TASK TO COMPLETE: Starting with the line that contains "16620 Old Valley Pike photo 10" and ending with the final line of the data below, print those lines exactly and nothing else.

[Dataset excerpts]
****************
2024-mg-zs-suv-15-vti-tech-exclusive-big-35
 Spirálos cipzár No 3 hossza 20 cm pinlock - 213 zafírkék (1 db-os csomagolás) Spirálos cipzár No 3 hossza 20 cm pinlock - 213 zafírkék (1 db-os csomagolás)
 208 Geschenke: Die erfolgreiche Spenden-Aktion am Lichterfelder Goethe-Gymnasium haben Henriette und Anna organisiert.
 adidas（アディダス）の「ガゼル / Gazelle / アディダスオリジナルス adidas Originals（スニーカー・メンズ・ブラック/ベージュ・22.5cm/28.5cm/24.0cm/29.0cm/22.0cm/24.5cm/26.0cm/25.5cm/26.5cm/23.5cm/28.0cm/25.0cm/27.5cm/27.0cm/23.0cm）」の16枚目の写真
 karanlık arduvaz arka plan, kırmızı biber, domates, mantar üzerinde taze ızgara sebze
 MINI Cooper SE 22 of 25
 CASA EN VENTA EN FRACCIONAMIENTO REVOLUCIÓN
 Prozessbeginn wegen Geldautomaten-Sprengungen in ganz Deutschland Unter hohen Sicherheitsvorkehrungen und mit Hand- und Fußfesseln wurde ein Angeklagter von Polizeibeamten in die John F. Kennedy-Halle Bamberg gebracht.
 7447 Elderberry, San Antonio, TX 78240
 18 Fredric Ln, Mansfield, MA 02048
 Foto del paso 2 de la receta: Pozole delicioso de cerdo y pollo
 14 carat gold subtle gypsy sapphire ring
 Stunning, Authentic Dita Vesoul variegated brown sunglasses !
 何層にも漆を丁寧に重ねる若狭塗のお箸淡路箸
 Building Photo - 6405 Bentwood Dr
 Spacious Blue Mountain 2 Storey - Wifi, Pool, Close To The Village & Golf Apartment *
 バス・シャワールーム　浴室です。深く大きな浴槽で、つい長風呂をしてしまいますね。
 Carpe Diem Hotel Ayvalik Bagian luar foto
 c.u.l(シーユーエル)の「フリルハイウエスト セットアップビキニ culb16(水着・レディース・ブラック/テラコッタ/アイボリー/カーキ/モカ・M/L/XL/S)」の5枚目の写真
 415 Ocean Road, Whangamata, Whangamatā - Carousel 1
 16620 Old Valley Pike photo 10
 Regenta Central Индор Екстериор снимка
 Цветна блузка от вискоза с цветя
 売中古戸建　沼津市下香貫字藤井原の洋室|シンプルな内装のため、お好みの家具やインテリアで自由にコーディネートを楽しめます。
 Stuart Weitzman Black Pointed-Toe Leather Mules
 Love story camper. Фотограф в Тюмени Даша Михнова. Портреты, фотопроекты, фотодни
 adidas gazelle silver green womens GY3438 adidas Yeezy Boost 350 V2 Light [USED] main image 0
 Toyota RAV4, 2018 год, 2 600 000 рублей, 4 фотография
****************
RESPONSE BELOW:
 16620 Old Valley Pike photo 10
 Regenta Central Индор Екстериор снимка
 Цветна блузка от вискоза с цветя
 売中古戸建　沼津市下香貫字藤井原の洋室|シンプルな内装のため、お好みの家具やインテリアで自由にコーディネートを楽しめます。
 Stuart Weitzman Black Pointed-Toe Leather Mules
 Love story camper. Фотограф в Тюмени Даша Михнова. Портреты, фотопроекты, фотодни
 adidas gazelle silver green womens GY3438 adidas Yeezy Boost 350 V2 Light [USED] main image 0
 Toyota RAV4, 2018 год, 2 600 000 рублей, 4 фотография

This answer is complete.